Finding your style, your subject, as an artist is something artists are encouraged to do, but most are resistant to, though many hope to arrive at something naturally. Why is that? Branding mainly I suppose. It is easier to be known for something, and to build a market for something, if that something has a consistent look to it. As creative types who are trained to push boundaries and break norms, settling in to one style or subject is like choosing to encase yourself in a plastic suit that looks like you but can’t move, or grow, or express all the interesting weird parts of yourself. I was once told that based on the range of my work (I had brought three paintings to a critique), I came across as three completely distinct personalities! However I think eventually, as an artist follows his/her own interests and learns more about what truly motivates him/her, certain fascinations will emerge and make themselves clear without the need to plasticize.

Right now I believe I see this happening with my food paintings. Certainly the subject matter is not going to win any awards for its revolutionary content, however the fascination is authentic to me and my lived experience as a member of my society. So perhaps this is how finding your authentic voice as an artist happens:

It all started with an innocent request from my husband Uncle. Actually, I think it all started with a 90 pound weight loss. It’s known that when you are depriving your body of sufficient calories, your body has a tendency to suggest solutions to you. Suddenly you can’t get that craving out of your mind. It develops into a fixation on high quality home made versions of your old favourites. I love Christmas fruitcake, and decided if I was going to indulge in the seasonal treat I would make my own brandy drenched home made cake. One cake was all it took and I was hooked. So back to my husband’s Uncles request. My husband suggested I make one for his father and uncle, since as his mother had passed away her custom of making them was gone. The following year I made one for Harry, and offered to make one for Bob. However as the fruitcakes are a weighty cake that cost twice as much to ship as to make, Bob asked if I would please paint him a fruitcake and send that instead. And so I did, for four straight Christmases. Bob now has a set of four fruitcake paintings.

Then I was looking for a novel approach to participate in Calgary’s premier event of every summer since long before I was born, the Calgary Exhibition and Stampede. The Stampede hosts the Western Showcase Artist’s Studios and Art Gallery each year, a themed juried commercial art show which has distinctly shaped the arts in Calgary. I was thinking about what my favourite part of Stampede was growing up in Calgary, and for me it had to be the citywide free pancake breakfasts. Whatever your economic status, political, cultural or social affiliation, you are always welcome to enjoy a free pancake breakfast at any one of the many events hosted across the city during the 10 days of Stampede. So I decided to do a series of paintings combining my love of art history with my love of pancake breakfasts.

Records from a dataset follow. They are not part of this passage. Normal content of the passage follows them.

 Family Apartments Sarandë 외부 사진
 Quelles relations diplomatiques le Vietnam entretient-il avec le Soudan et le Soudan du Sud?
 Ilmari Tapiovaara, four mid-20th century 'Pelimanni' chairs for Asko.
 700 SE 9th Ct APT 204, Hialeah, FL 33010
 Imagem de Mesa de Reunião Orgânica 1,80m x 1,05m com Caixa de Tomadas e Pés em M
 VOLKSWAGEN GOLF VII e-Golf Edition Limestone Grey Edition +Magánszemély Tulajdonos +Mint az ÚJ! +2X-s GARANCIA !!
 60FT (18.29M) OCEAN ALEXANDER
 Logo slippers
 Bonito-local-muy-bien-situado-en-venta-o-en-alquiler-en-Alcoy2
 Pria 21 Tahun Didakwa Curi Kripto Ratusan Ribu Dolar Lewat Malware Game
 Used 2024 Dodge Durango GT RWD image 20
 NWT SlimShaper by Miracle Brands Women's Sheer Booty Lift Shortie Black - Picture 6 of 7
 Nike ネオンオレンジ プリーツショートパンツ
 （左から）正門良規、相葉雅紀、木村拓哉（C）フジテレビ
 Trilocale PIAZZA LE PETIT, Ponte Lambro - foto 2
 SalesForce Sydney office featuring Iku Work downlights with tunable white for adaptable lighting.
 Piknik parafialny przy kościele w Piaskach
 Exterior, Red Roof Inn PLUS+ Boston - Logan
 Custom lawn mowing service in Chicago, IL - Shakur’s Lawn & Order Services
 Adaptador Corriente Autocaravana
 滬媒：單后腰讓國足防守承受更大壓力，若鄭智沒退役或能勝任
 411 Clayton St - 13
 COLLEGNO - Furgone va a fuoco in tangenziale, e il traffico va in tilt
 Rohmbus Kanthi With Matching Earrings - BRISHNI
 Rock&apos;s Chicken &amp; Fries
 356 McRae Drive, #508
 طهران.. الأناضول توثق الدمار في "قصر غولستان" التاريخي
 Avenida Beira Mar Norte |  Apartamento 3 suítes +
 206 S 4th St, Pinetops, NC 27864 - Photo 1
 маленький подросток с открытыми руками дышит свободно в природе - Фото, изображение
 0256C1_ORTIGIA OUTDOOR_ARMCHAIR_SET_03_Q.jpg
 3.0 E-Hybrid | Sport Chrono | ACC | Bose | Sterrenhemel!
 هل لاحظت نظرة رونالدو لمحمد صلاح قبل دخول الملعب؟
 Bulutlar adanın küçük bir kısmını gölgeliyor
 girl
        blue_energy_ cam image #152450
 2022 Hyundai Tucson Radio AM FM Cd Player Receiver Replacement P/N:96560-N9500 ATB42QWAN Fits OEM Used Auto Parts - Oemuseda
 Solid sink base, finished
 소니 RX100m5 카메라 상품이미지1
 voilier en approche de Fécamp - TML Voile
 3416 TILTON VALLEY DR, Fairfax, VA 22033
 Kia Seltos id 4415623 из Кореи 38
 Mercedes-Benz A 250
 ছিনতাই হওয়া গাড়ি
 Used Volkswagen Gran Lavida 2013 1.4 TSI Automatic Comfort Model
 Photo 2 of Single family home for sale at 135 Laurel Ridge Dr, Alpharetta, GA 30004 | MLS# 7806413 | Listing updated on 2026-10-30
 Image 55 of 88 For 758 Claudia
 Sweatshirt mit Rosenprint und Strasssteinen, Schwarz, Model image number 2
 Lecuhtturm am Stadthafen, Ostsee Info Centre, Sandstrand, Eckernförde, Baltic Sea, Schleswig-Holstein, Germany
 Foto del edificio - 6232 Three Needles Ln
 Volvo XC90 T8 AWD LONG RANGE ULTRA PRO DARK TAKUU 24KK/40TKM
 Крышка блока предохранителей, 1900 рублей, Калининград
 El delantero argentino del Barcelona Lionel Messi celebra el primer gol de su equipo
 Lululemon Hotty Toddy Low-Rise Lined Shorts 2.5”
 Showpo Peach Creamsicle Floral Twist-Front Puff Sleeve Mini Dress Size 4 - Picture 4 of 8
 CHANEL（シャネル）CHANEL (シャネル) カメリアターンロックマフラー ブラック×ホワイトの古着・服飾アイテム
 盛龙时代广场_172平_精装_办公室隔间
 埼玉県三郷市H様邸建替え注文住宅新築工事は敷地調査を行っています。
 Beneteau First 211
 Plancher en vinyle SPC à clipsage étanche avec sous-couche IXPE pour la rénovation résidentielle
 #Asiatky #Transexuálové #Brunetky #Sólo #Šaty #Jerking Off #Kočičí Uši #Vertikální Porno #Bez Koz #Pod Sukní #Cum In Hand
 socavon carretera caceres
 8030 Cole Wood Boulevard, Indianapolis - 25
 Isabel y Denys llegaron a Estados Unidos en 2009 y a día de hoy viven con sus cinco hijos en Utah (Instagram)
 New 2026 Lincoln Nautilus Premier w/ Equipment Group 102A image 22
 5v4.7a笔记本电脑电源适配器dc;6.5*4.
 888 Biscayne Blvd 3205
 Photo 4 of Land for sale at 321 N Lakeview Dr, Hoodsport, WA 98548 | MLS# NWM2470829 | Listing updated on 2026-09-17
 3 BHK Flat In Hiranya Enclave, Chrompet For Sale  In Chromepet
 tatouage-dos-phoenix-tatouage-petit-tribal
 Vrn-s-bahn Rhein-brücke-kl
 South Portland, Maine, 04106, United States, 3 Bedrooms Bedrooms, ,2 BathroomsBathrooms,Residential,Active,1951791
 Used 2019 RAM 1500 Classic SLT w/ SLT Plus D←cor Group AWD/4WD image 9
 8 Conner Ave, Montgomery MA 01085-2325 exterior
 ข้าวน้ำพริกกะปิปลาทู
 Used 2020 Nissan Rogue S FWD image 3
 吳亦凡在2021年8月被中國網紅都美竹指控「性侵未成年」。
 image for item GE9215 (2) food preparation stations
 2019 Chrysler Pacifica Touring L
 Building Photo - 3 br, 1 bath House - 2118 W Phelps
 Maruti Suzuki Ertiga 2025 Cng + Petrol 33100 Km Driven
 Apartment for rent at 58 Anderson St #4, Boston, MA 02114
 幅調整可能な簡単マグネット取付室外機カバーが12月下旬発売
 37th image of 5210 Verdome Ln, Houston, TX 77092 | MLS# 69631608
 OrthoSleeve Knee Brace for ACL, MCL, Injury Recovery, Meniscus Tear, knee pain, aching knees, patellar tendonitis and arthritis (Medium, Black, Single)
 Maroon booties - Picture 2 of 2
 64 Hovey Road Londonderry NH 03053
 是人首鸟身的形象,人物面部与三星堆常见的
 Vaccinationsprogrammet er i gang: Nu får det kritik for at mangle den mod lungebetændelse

And now I am happily working away on a series of still life paintings depicting Canadian heritage treats such as Butter tarts, Saskatoon Jam and Nanaimo Bars.

Here is where the innocent request meets my own natural interest. Significant weight loss is one of those events that permanently changes ones metabolism. There are as yet no numbers on when one returns to ‘normal,’ as though one had never had the extra weight in the first place. I may never lose this interest in good food, as my subconscious seeks to assist me to return to my former size. So as strange as it may seem these coincidentally arrived at paintings of food may be a long term authentic subject matter, one I didn’t realize I had been developing. In fact, the further back I look, the more I find I was engaging with food in my work without realizing it as part of my own personal visual language.

Security oil on canvas 20″ x 40″ Debbie.lee Miszaniec

My advice to you if you are struggling against the advice to narrow down your style, your subject and your interests, as I do, is to let it happen naturally. What gives you the most joy? It may not be what you think it should be, or what others think is a worthy subject matter, or a profitable one. However if you let it, your voice will emerge on its own anyhow, without your intention. Just keep making.

Back to 2018: New/Old Video

2020 Revisits 2018

I discovered that I still had some footage from a 30 day vlog project I was recording in 2018, testing if I wanted to do this video thing. It turned out that I had way too much going on at that time to juggle a regular vlog, and so I shelved the footage. In between then and now two thirds of the footage went missing, but what remained was still an interesting look back for me as I reflected on what happened to those projects and involvements, and how they affected 2019. Now that I have decided to work on my Youtube Channel for 2020, I thought it might be fun to do a rewind and update video based on that test project. One thing I realized watching the footage, I love that haircut! It might be time to book a visit with a hairdresser.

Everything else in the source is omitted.